The pattern of AD effects also did not match expectations. Relative to the identical AD, nonidentical (similar and dissimilar) ADs yielded only a very weak and nonsignificant interference effect during target viewing. Moreover, in seeming contrast to prior findings, posttarget viewing durations revealed longer viewing durations for the identical AD condition than for the two nonidentical ADs, and similar and dissimilar ADs did not differ. Why did the AD manipulation fail to yield some of the expected effects that have been observed in studies with English stimuli (Eiter & Inhoff, 2010; Inhoff et al., 2004)? One potentially critical difference is that the target words and ADs belonged to the same lexical category in earlier work—that is, both were intact words that conveyed matching or mismatching meanings (Eiter & Inhoff, 2010; Inhoff et al., 2004). This was not the case in Experiment 2, where the targets were two-syllable Chinese words, and the ADs were single syllables that were or were not related to the targets’ first syllables. Under these conditions, an identical AD syllable might have been perceived as overlapping with—or being merely similar to—the target word, rather than being identical to it. There was even less overlap between the similar and dissimilar ADs and the full target words, and these syllables might have been perceived as dissimilar. If so, the difference between the identical AD and the two nonidentical ADs during posttarget viewing could be viewed as evidence for overlap—or similarity—interference. This view must be considered tentative, however, and requires further investigation.
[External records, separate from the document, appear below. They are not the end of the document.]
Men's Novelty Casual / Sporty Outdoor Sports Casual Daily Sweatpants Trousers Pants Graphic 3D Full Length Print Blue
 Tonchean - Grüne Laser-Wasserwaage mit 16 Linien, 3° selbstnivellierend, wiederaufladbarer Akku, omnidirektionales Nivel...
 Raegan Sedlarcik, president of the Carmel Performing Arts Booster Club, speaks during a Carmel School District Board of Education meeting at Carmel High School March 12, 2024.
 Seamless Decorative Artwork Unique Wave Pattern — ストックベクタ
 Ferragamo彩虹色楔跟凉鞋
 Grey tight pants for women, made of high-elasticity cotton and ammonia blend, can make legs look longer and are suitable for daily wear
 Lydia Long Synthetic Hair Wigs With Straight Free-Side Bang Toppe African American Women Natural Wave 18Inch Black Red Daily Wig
It should also be noted that the average duration of the spoken AD was typically as long as—or even longer than—the target viewing durations in studies with English text, and readers could have heard the AD during posttarget-word viewing on some trials. In Experiment 2, the articulation duration of the monosyllabic distractors was much shorter (mean = 193 ms), and hearing of the AD was generally considerably shorter than the target viewing duration. Thus, the influence of hearing acoustic AD was much more confined to target viewing in the present study. Nevertheless, the target–AD relationship influenced posttarget viewing, indicating that perception of irrelevant—but overlapping or similar—speech interfered with the continued representation of a target. Contrary to our predictions, none of the AD effects were, however, a function of target tone type. The independence of the AD and target type effects is also considered in the General Discussion.

General discussion

In the present study, we examined the influence of articulation-specific word properties on early and late stages of visual word processing during Chinese sentence reading. The results of two different experimental approaches converged, both showing that variation in the articulation of syllabic tone influences the early stages of visual word processing for native speakers of Standard Chinese. In Experiment 1, syllabic tone articulation influenced the N100 and anterior N250 ERP components, which were less negative for neutral- than for full-tone targets, and in Experiment 2, neutral-tone words received shorter gaze durations and fewer refixations than full-tone words. The lexical tone property also influenced the subsequent processing of a word. In Experiment 1, the N400 component was more negative for neutral- than for full-tone targets, and neutral-tone targets received shorter total viewing durations and fewer incoming regressions in Experiment 2.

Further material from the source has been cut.